Final examples include the Anti-kickback law and the CMP.  The Office of the Inspector General (“OIG”) of the Department of Health and Human Services (“DHHS”) enforces the Anti-kickback law and imposes CMPs for knowing violations of the law.  The Anti-kickback law is a criminal statute that prohibits the accepting of money or any item of value in return for the referral of health services paid for, in whole or in part, by a federal healthcare program.  The Anti-kickback law includes certain exceptions and provides “safe harbors” for certain relationships.  There is no “safe harbor” for ACOs.  If a hospital or group of providers is developing an ACO, one of the most direct ways to ensure a complaint relationship is to employ the physicians since the law exempts remuneration paid by an employer to a bona fide employee from prosecution.  The statute also provides for safe harbors for certain independent contractor arrangements.  Hospitals and other providers must ensure these other non-employment arrangements do not violate Anti-kickback law.

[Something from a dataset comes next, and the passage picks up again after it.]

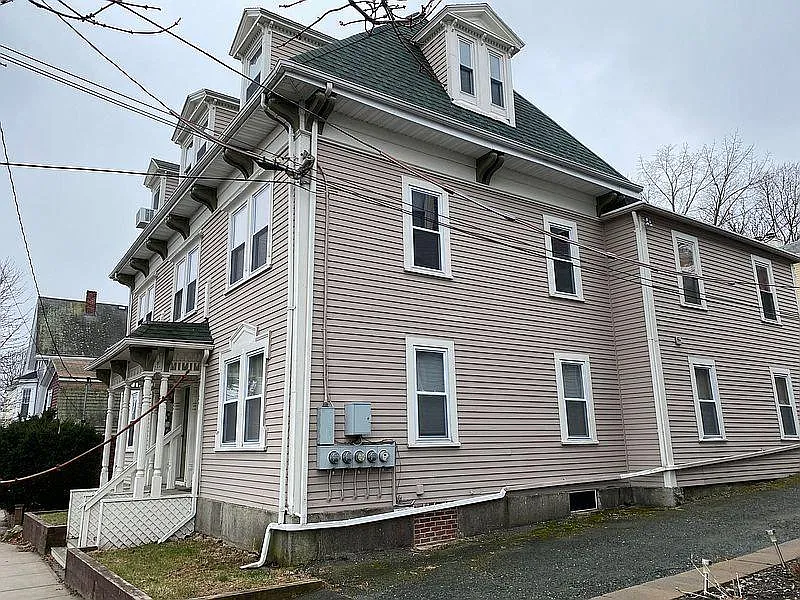 141 North St — Photo 4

The potential for ACOs to successfully operate in both public and private insurance markets depends, in large part, on support from the FTC, CMS and OIG.  Absent regulatory clarification and modification, the success of ACOs will be frustrated by the same government that is seeking to encourage them.  The various agencies are aware of the challenges faced by providers as they seek to collaborate care.  The FTC is in the process of preparing guidance.  The DHHS Secretary is considering whether to use her authority to waive certain requirements necessary to carry out the intentions of the Act.  An alternative to the use of the Secretary’s waiver authority under the Act would be for the Secretary to use her authority to create a new shared savings/incentive payment exception to the Stark law.  Similarly, the OIG is considering a new safe harbor to the Anti-kickback law.  The various agencies are currently soliciting public comments.